Der »Glaube« in der Form, wie ihn die Kriegerreligionen des alten Islam und auch der älteren Jahvereligion kennen, trägt das Gepräge der einfachen Gefolgschaftstreue gegen den Gott oder Propheten, ganz wie sie allen Beziehungen zu anthropomorphen Göttern urwüchsig eigen ist. Für die Gefolgschaftstreue lohnt der Gott, Untreue straft er. Andere Qualitäten gewinnt diese persönliche Beziehung zu Gott erst, wo befriedete Gemeinden und speziell Anhänger aus bürgerlichen Schichten Träger einer Erlösungsreligiosität sind. Dann erst kann der Glaube als Erlösungsmittel seinen gefühlsmäßigen Charakter gewinnen und dabei die Züge der Gottes- oder Heilandsliebe annehmen, wie sie schon in der exilischen und nachexilischen Religiosität des Judentums und verstärkt im frühen Christentum, vor allem bei Jesus und Johannes, auftreten. Gott erscheint als gnädiger Dienstherr oder als Hausvater. Zwar ist es ein gröblicher Unfug, wenn man in der Vaterqualität des Gottes, den Jesus verkündet, einen Einschlag unsemitischer Religiosität hat finden wollen, weil die Götter der (meist semitischen) Wüstenvölker die Menschen »schaffen«, die hellenischen sie »zeugen«. Denn der christliche Gott hat niemals daran gedacht, Menschen zu zeugen (γεννηθέντα μὴ ποιηθέντα, gezeugt und nicht geschaffen, ist gerade das auszeichnende Prädikat des trinitarisch vergotteten Christus im Gegensatz zum Menschen), und er ist, obwohl er die Menschen mit übermenschlicher Liebe umfängt, ganz und gar kein zärtlicher moderner Papa, sondern vorwiegend ein wohlwollender, aber auch zorniger und strenger königlicher Patriarch wie schon der jüdische Gott. Aber allerdings kann nun das Stimmungsmäßige der Glaubensreligiosität durch das Gotteskindschaftsbewußtsein (statt der asketischen Gotteswerkzeugvorstellung) weiter gesteigert, die Einheit der Lebensführung dadurch noch mehr im gefühlsmäßigen Stimmungsgehalt und Gottvertrauen, statt im ethischen Bewährungsbewußtsein gesucht und so ihr praktisch rationaler Charakter noch weiter abgeschwächt werden. Schon der mit der »Sprache Kanaans« seit der Renaissance des Pietismus eingerissene, winselnde Tonfall typischer lutherischer Kanzelreden in Deutschland deutet jene Gefühlsforderung an, die kraftvolle Männer so oft aus der Kirche gescheucht hat.
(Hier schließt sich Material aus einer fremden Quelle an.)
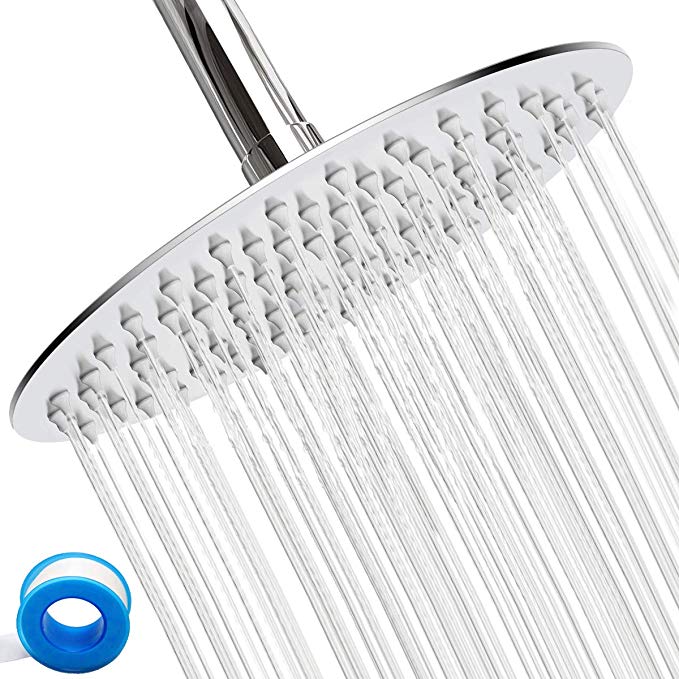 M.HOUSE High Pressure SPA Shower Head,Rainfall ShowerHead 8 inch Round,Ultra Thin,Stainless Steel 304,Chrome,With Swivel Ball,360 Degree Adjustable,Self-Cleaning Silicone Nozzle,Free Tephlone Tape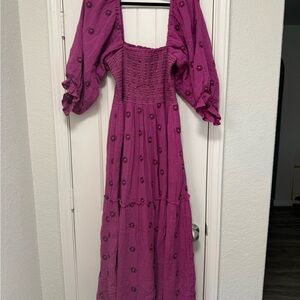 Free People Floral Long Sleeve Dress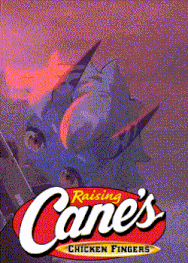 a poster for raising cane 's chicken fingers with a picture of a dinosaur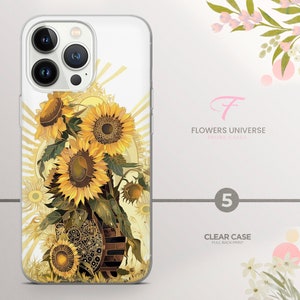 Sunflowers Phone Case Aesthetic Art Cover for iPhone 15Pro, 14, 13, 12, 11, Samsung S24Ultra, S23, S22, A54, A53, A15, A14 Pixel 8a, 7a, 6 zdjęcie 6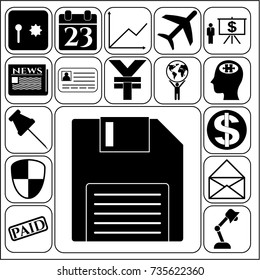 Set of 17 business high quality icons or symbols. Collection. Detailed design. Vector Illustration.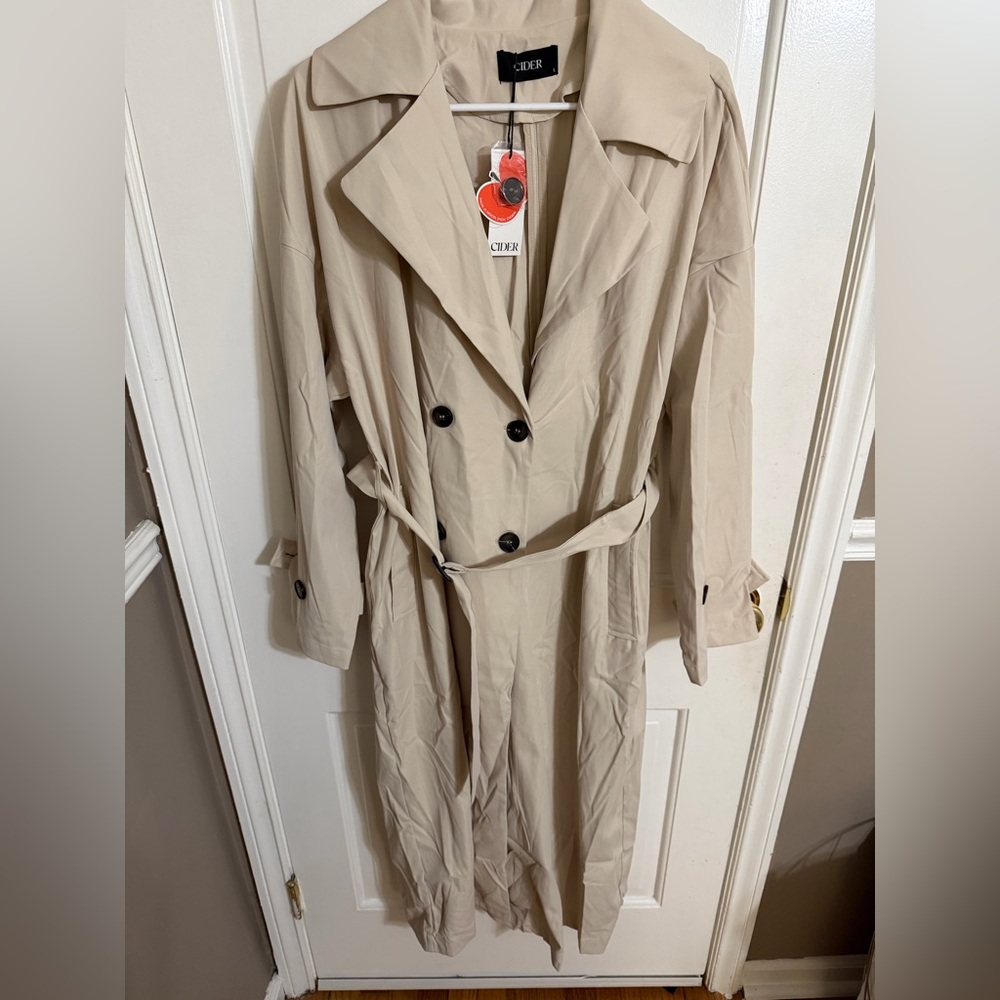 Cider Double-Breasted Beige Trench Coat with Belt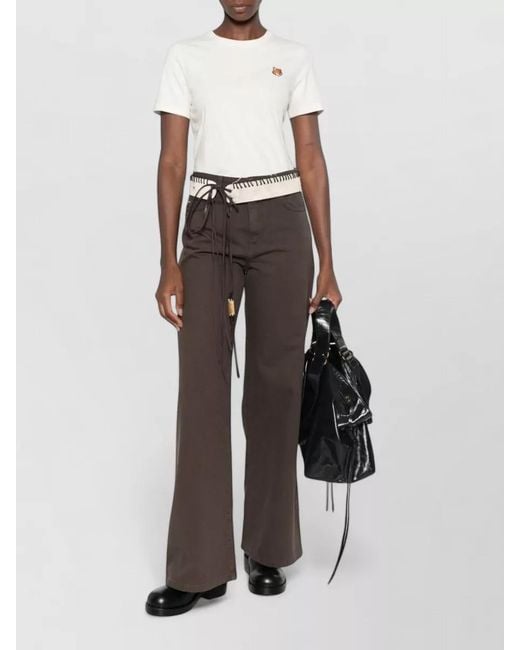 Maison Kitsuné Natural Embroidered Cotton T-Shirt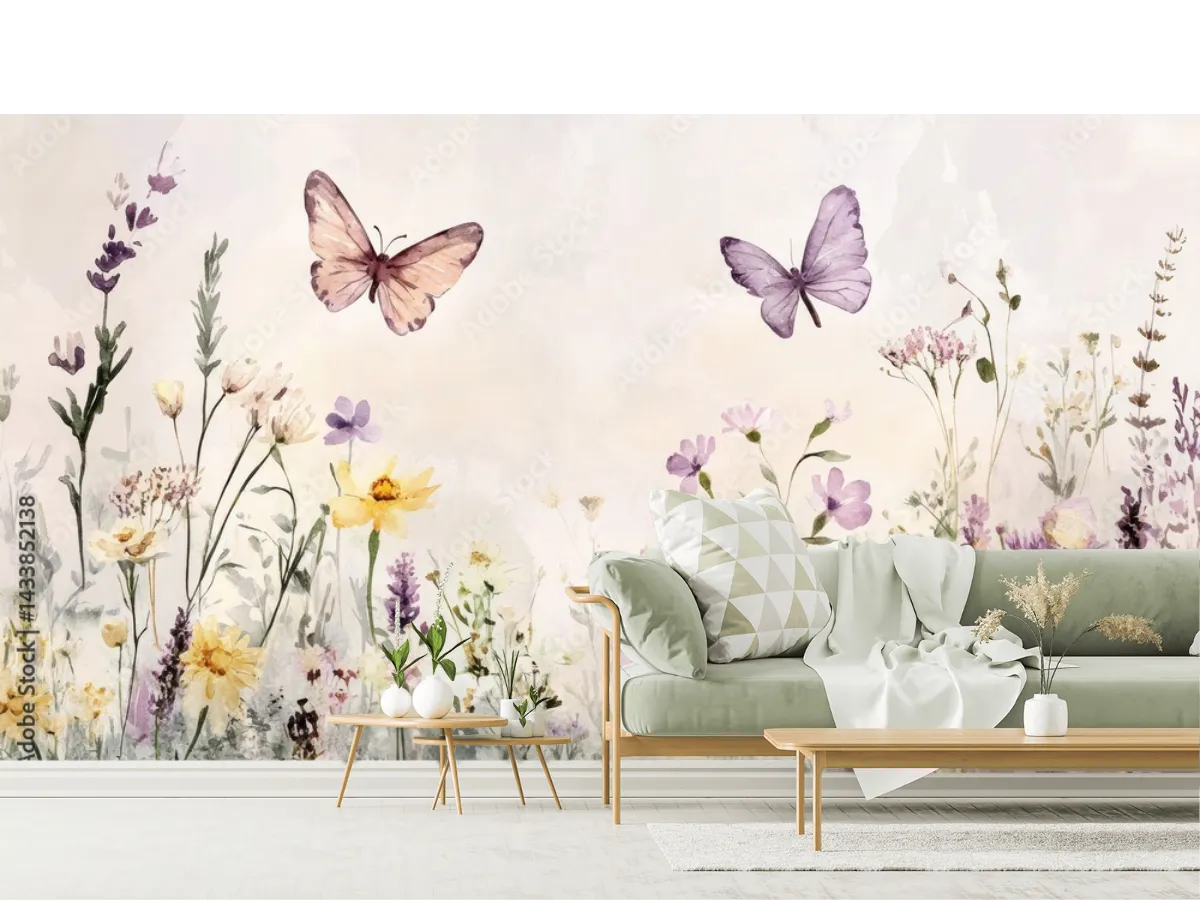 Mural Flores y Mariposas Acuarela - Papel Tapiz Decorativo Vinil Arquitectónico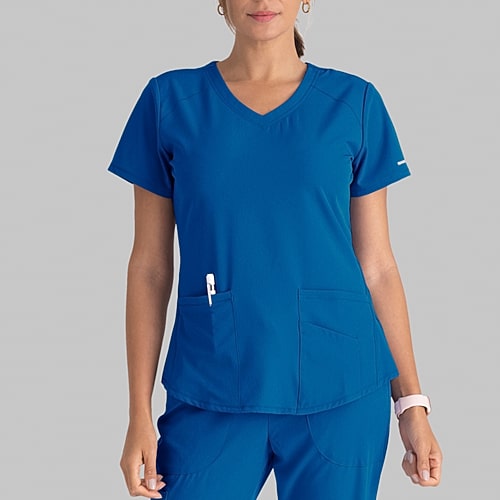 Skechers Sk101 Breeze 3-Pocket Curved Womens V Neck Short Sleeve Tag Free Stretch Fabric Moisture Wicking Scrub Top, X-large, Blue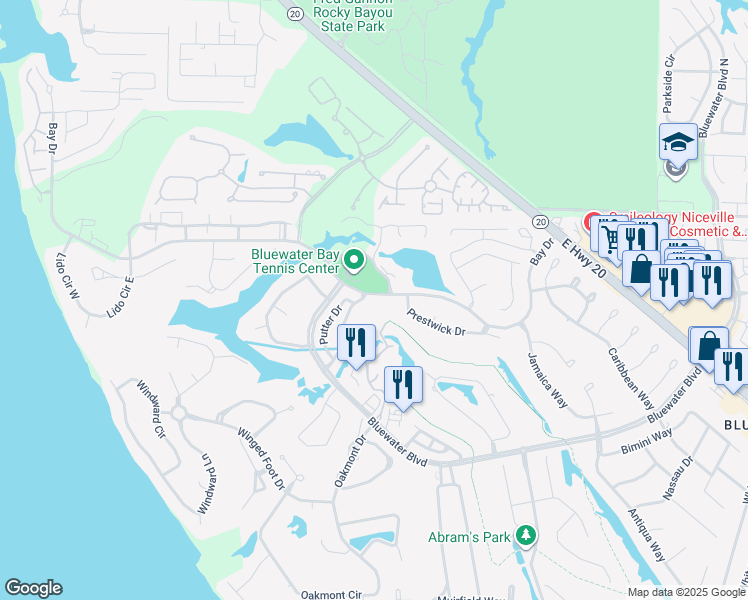 map of restaurants, bars, coffee shops, grocery stores, and more near 844 Fairway Lakes Drive in Niceville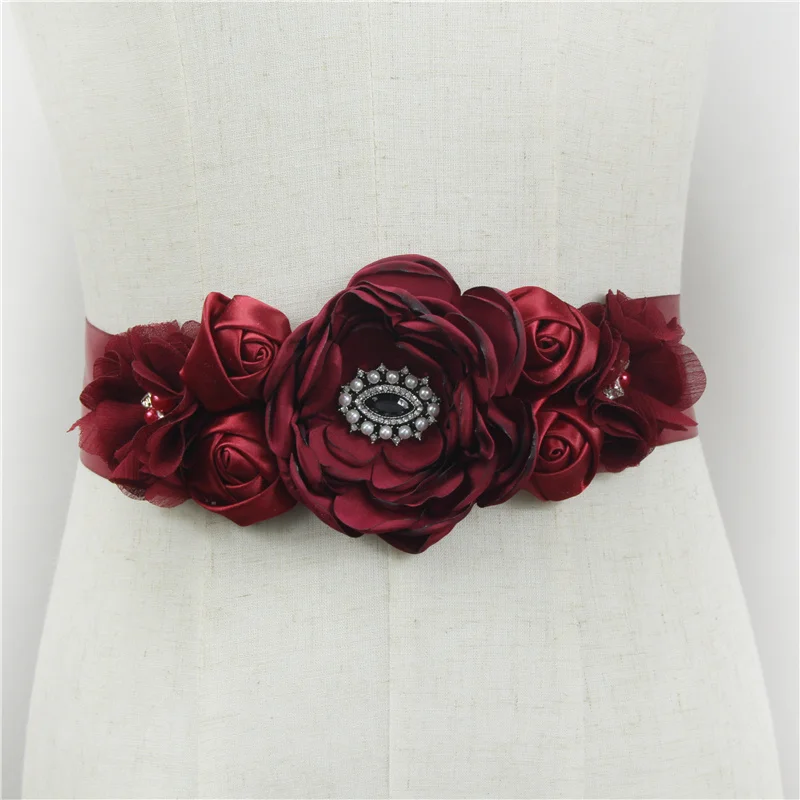 Roze Bourgondië Witte Bloem Riemen Voor Vrouwen Meisje Bloem Stijl Bruids Prom Dress Accessoires Bruidsmeisje Sash Bloemen Riem Tailleband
Vollends antirational wirkt auf die Lebensführung die Glaubensreligiosität normalerweise da, wo die Beziehung zu Gott oder Heiland den Charakter der leidenschaftlichen Devotion, der Glaube also einen latent oder offen erotischen Einschlag zeigt. So in den verschiedenen Spielarten der ṣûfîtischen Gottesliebe und der bernhardinischen Hohe-Lied-Mystik, im Marien- und Herz-Jesu-Kult und anderen hierher gehörigen Devotionsformen und auch in einzelnen gefühlsschwelgerischen Entfaltungen des spezifisch lutherischen Pietismus (Zinzendorf). Vor allem aber in der spezifisch hinduistischen, die stolze und vornehme Intellektuellenreligiosität des Buddhismus seit dem 5./6. Jahrhundert radikal verdrängenden Bhakti-(Liebes-)Frömmigkeit, der dort populären Form der Massenerlösungsreligion, insbesondere der soteriologischen Formen des Vishnuismus. Die Devotion zu dem aus dem Mahâbhârata durch Apotheose zum Heiland erhobenen Krishna, namentlich zum Krishnakinde, wird hier durch die vier Stufen der Kontemplation: Dienerschafts-, Freundschafts-, Kindes-(oder Eltern-)Liebe bis zur höchsten Stufe der ausdrücklich erotisch, nach Art der Gopîsliebe (der Liebe von Krishnas Maitressen zu ihm), gefärbten Devotion gesteigert. Diese Religiosität, welche überdies schon infolge ihrer alltagsfeindlichen[345] Form der Heilsgewinnung stets irgendwelchen Grad sakramental-priesterlicher Gnadenvermittlung durch die Gurus und Gosâins voraussetzt, ist, auf ihre praktische Wirkung hin angesehen, ein sublimierteres Seitenstück der in den untersten Schichten populären hinduistischen Saktireligiosität, einer Devotion für die Götterweiber, welche nicht selten erotischen Orgienkult einschloß, immer aber der Orgien-religiosität nahesteht. Sie steht namentlich den christlichen Formen der reinen Glaubensreligiosität: dem kontinuierlichen unerschütterlichen Zutrauen in Gottes Vorsehung, in jeder Hinsicht fern. Die erotisch gefärbte Heilandsbeziehung wird wesentlich technisch, durch Devotionsübung, erzeugt. Der christliche Vorsehungsglaube dagegen ist ein willensmäßig festzuhaltendes Charisma.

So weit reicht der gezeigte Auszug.